All of the ads hit themes that conservative thought leaders had been writing about for months. None are obvious blockbusters. In some large Super Tuesday states, such as Texas and Georgia, early voting began before these ads ran.
But in his current messaging, which is being fine-tuned from stop to stop Rubio casts Trump as not only an imbecile but a rip-off artist and a wimp.
“He acts like he’s some sort of tough guy,” Rubio said. “This isn’t a tough guy. The other day he told a protester, ‘I wish I could punch you in the face.’ Donald Trump has never punched anyone in the face, okay? This guy was born into money, inherited $200 million — he’s never punched anyone in the face! He’s not a tough guy!"
Attacks like that, which were warmly received in Dallas, drew hooting and cheers in Oklahoma. After the speech, however, it was easy to find voters who disliked Trump but hesitated to embrace the attack lines.
“I don’t think he really needs to take on Trump,” George Colbert, 68, said. “I like Rubio because he’s Rubio.”
Years of research on political attack ads, and on negative politics, suggest that this reaction is typical. Voters are reluctant to say that they like negative campaigning, but they process it and let it inform their votes.

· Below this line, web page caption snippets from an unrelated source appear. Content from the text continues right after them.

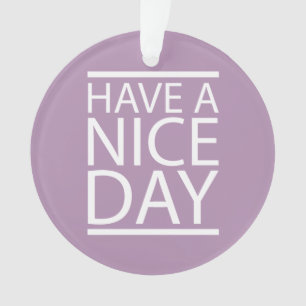 Fashion Lavender Herb Avoir une belle journée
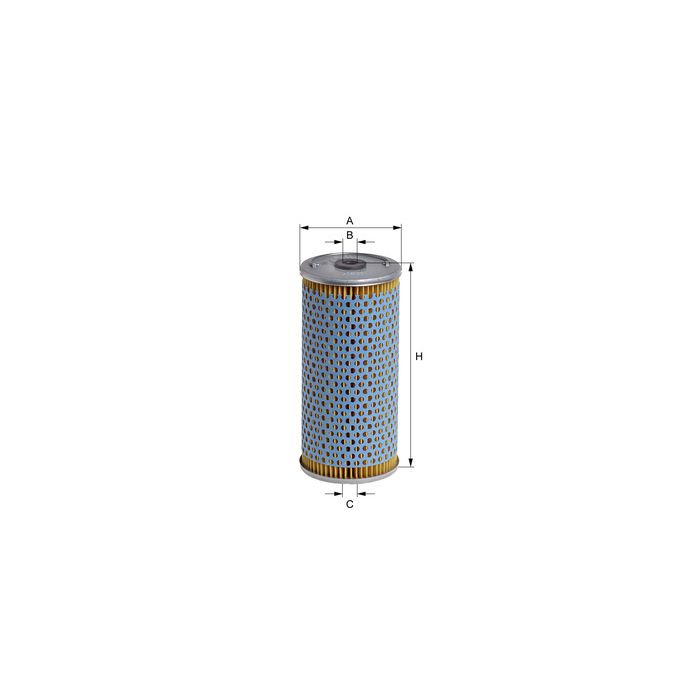 [E153H-D25]Hengst filter(OE#-001-184-91-25) (E153H-D25)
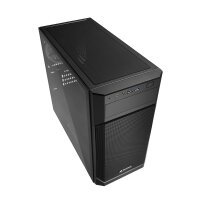 Sharkoon Gehäuse V1000       RGB    ATX       1xGlas schwarz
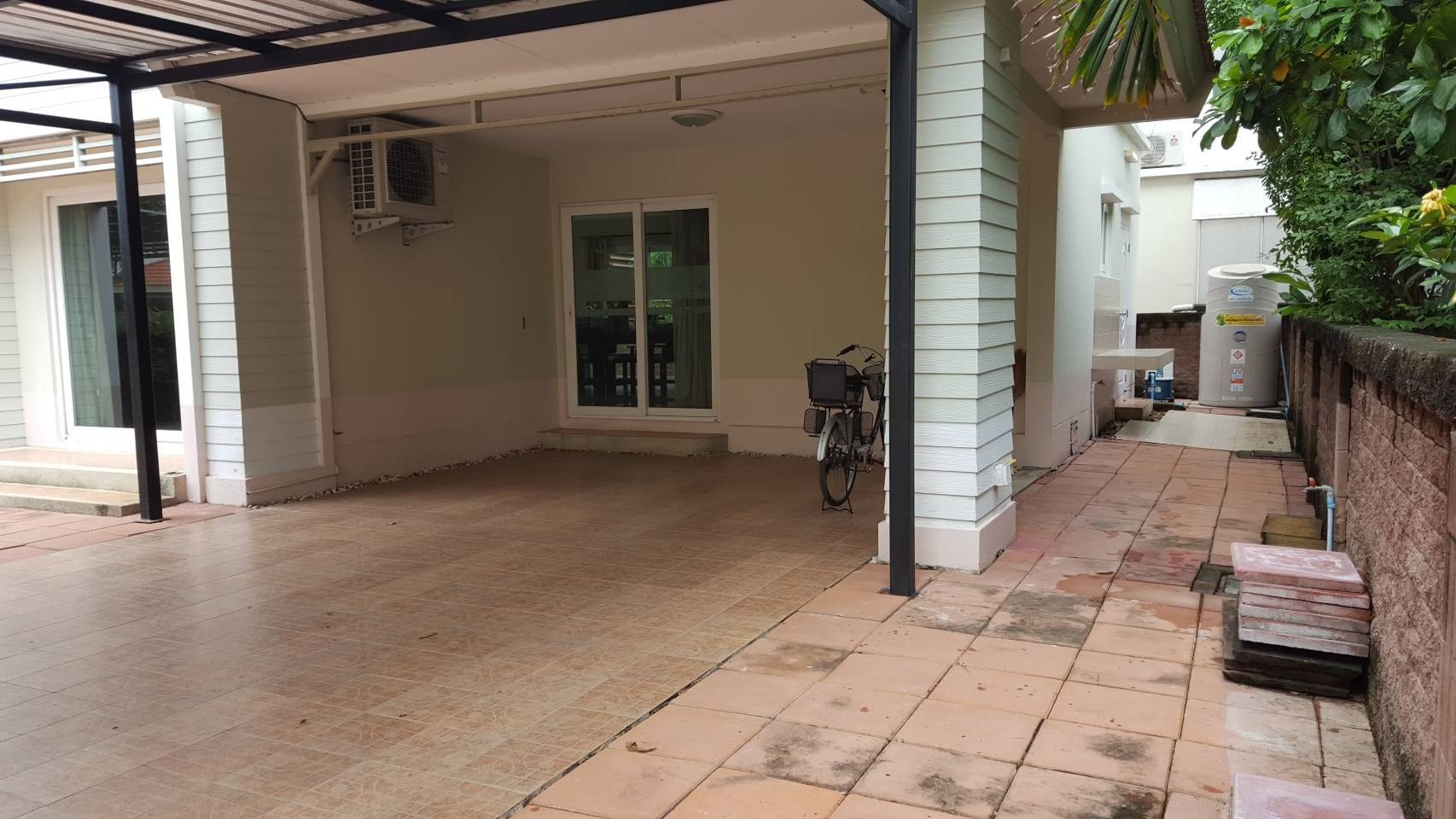 Family-Friendly Detached house for rent in Casa Ville Ratchaphruek-Rattanathibet 2 18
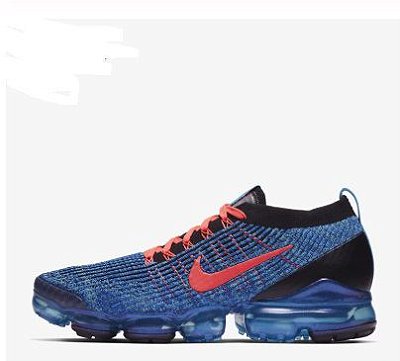 Commander NIKE Air VaporMax Flyknit 3 blackblackigloo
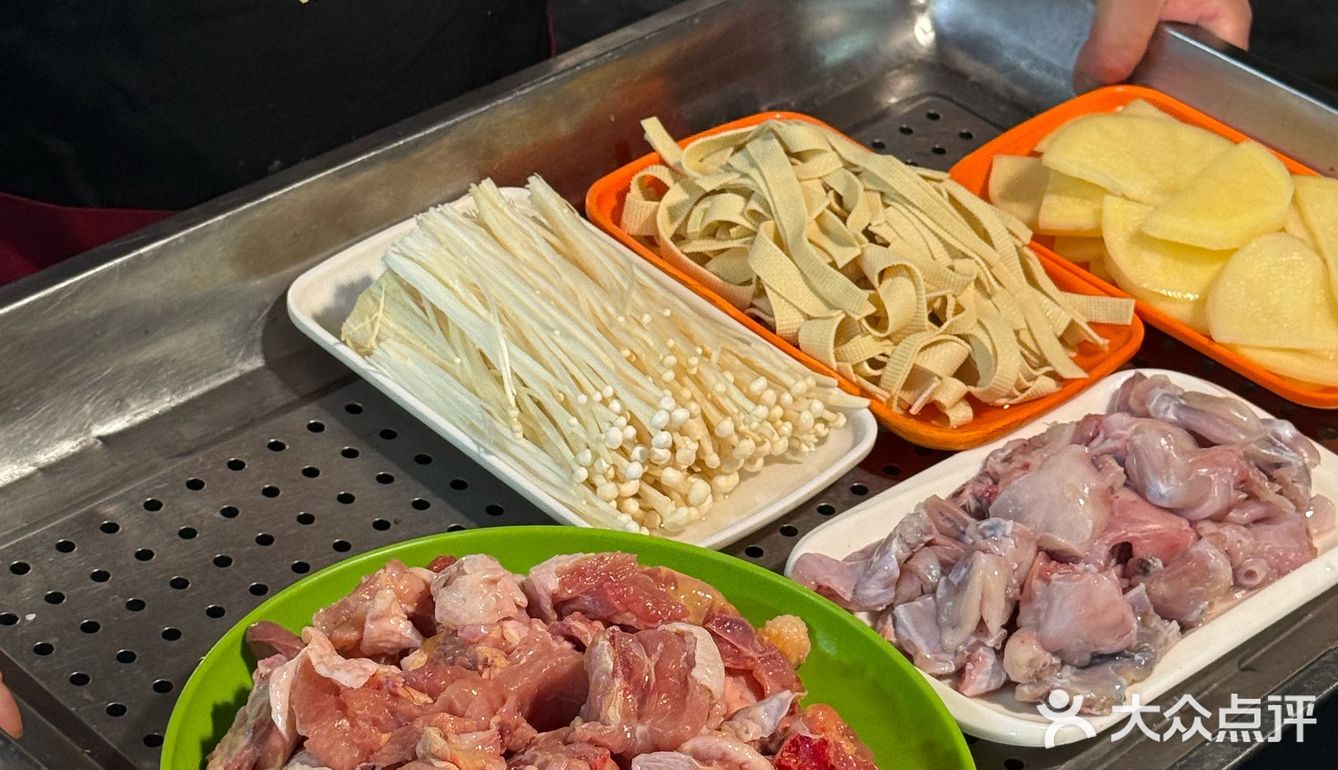 在武汉…只想为这一家去古田！！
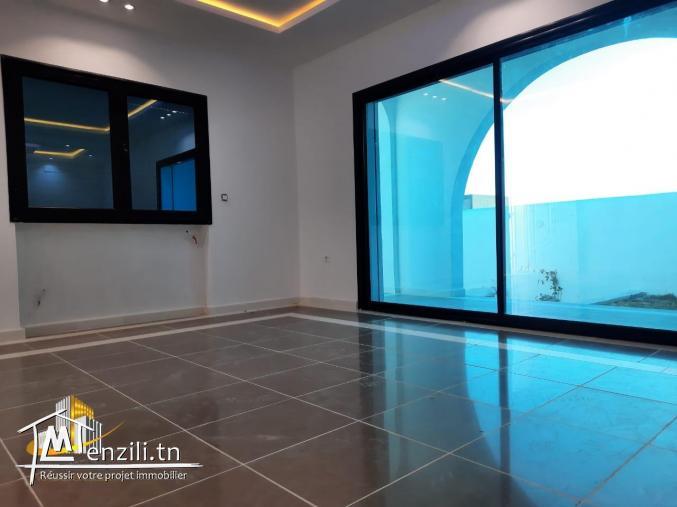 Une superbe villa de haut standing jamais habitée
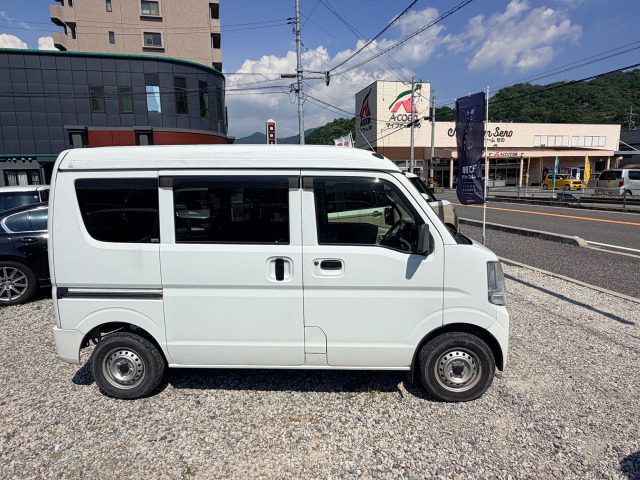 ミニキャブバンG ハイルーフ 5AMT車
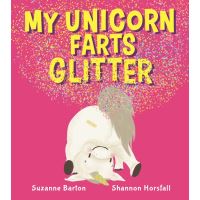 My Unicorn Farts Glitter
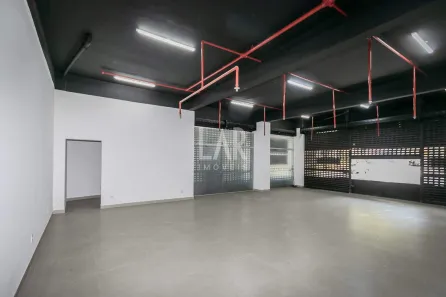 Ponto Comercial para alugar, 111m² no Cidade Jardim, Belo Horizonte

Negative campaigning has an echo effect, too: It can produce free media coverage of the subject being attacked. Although Rubio’s Trump riff accuses “the media” of protecting the front-runner in order to destroy him in the fall, his most damaging lines are based on deep reporting about Trump’s business failures.
The Rubio and American Future Fund attacks on Trump University have inspired fresh coverage of the ongoing legal case against it. Trump’s operation has looked only slightly more prepared for the topic than his opponents, with a lawyer answering questions from CNN by providing 14 affidavits from satisfied Trump University customers.
And the scale of Rubio’s challenge was evident just hours later, when a much larger crowd filed into the Cox Convention Center, half a mile away. A significant reeducation campaign would need to be implemented before they stopped thinking of Trump as a bar-brawling friend of the working man. Asked about the Rubio attacks, Trump supporters either said the endorsement of Trump by Gov. Chris Christie (R-N.J.) overwhelmed them, that Rubio was irrelevant or that they hadn’t even watched the debate.
“Rubio won’t even win his home state,” said Mark Morris, 57. Trump, by contrast, reminded him of the Oscar-winning film “Gladiator,” and of Russell Crowe’s hero Maximus. “He survives the battle, and the emperor calls him in. The emperor says, ‘I need you to go to Rome.’ Maximus says, ‘I've never even been to Rome.’ He says, ‘That's why I want you to go. It’s corrupt there.’ That was so profound, so profound.”
Robert Jay, 28, a lineman who was kept from voting by an old felony conviction, did not watch the debate. Wearing a T-shirt with the slogan “white pride worldwide,” he explained that he bought it “as a response to Black Lives Matter,” and was happy that his wife, a onetime supporter of President Obama, was casting the family’s vote for Trump.
“He’s tough — I don’t know what Rubio is talking about — and he says if you attack us, we’re going to attack you,” Jay said. “We'’re going to be strong. And that’s important.”